Fighting for French-language education rights

By Leah Germain
It has been 30 years since the Canadian Charter of Rights and Freedoms came into being, and the rights it entrenched for Canadian citizens are still being used to defend minority-language communities.
As recently as this year, the Prince Edward Island (PEI) French-language school board used the language provisions of the Charter to support a lawsuit against its provincial government. The Commission scolaire de langue française de l’Île-du-Prince-Édouard, which administrates French-language education in the predominately English-speaking province, is arguing that the Charter establishes that all Canadians have the right to education in whichever official language is their mother tongue.

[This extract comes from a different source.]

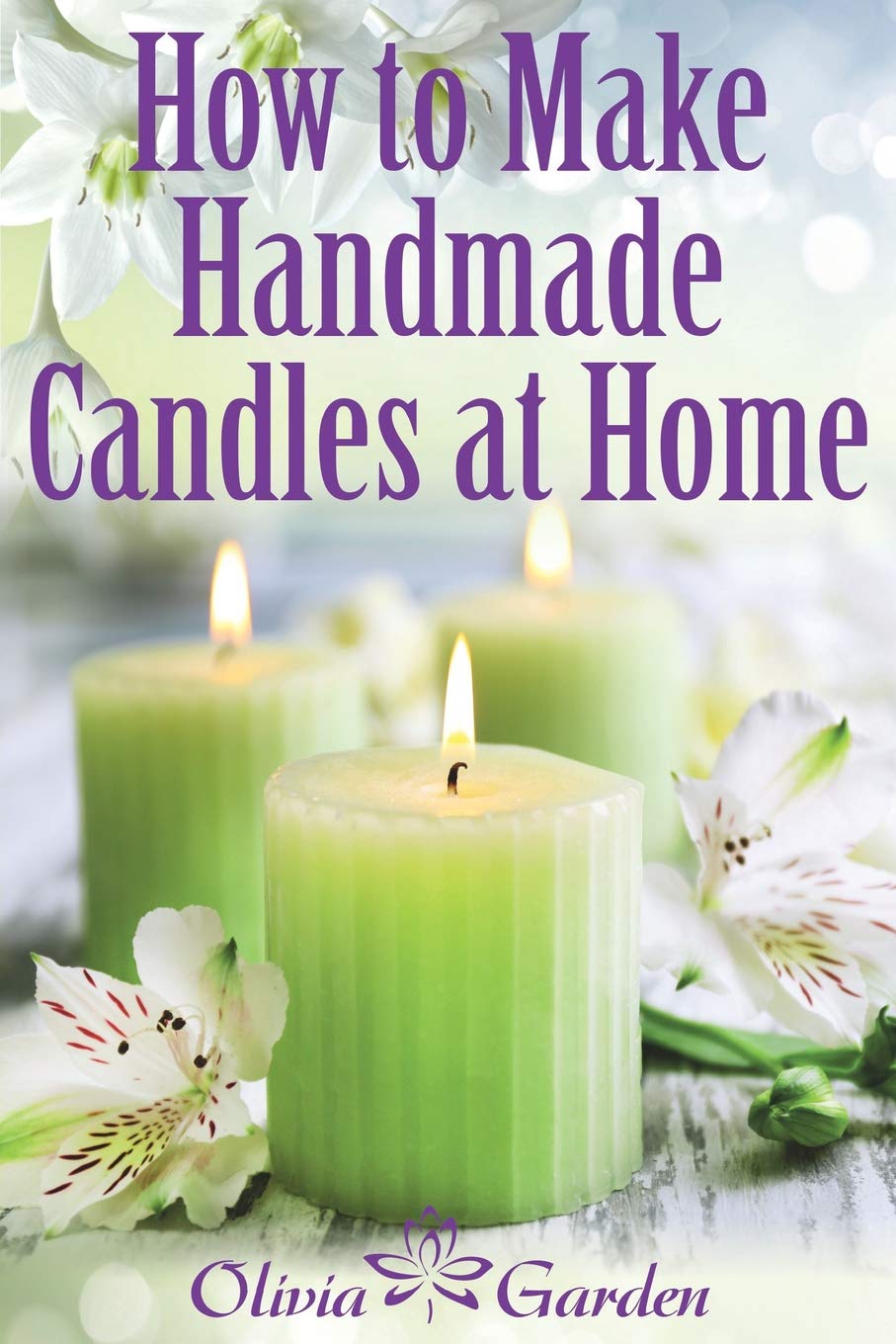 How to Make Handmade Candles at Home: Homemade Candles Book with Candles Recipes. Best Ideas About Candle Making and Candle Crafting (Hand Made ... and Beewax) (Soap Making and Candle Making)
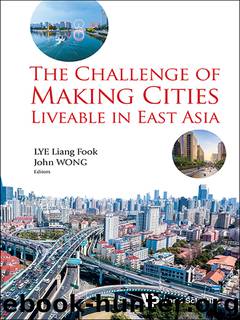 Challenge Of Making Cities Liveable In East Asia, The by Lye Liang Fook Wong John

In March, the Commission initiated legal action against the provincial government following its refusal to fund a new Grade 8 classroom at a French school in the city of Summerside, which is the main urban centre for the Island’s Francophone population of 5,900 (out of a total population of roughly 140,000 people). But according to the Commission’s chair, Robert Maddix, it should never have had to go to court since the right to access to education for Francophone students in PEI has already been established.
“There is no reason to go to court, because this was already heard in court, at the Supreme Court of Canada—the highest level,” says Mr. Maddix, referring to the 2000 landmark case Arsenault-Cameron v. Prince Edward Island.
In one of the most important cases for French-language education in Canada’s recent history, two mothers, Noëlla Arsenault and Madeleine Costa, challenged the provincial government, demanding that it provide funding for French-language schools for PEI Acadians.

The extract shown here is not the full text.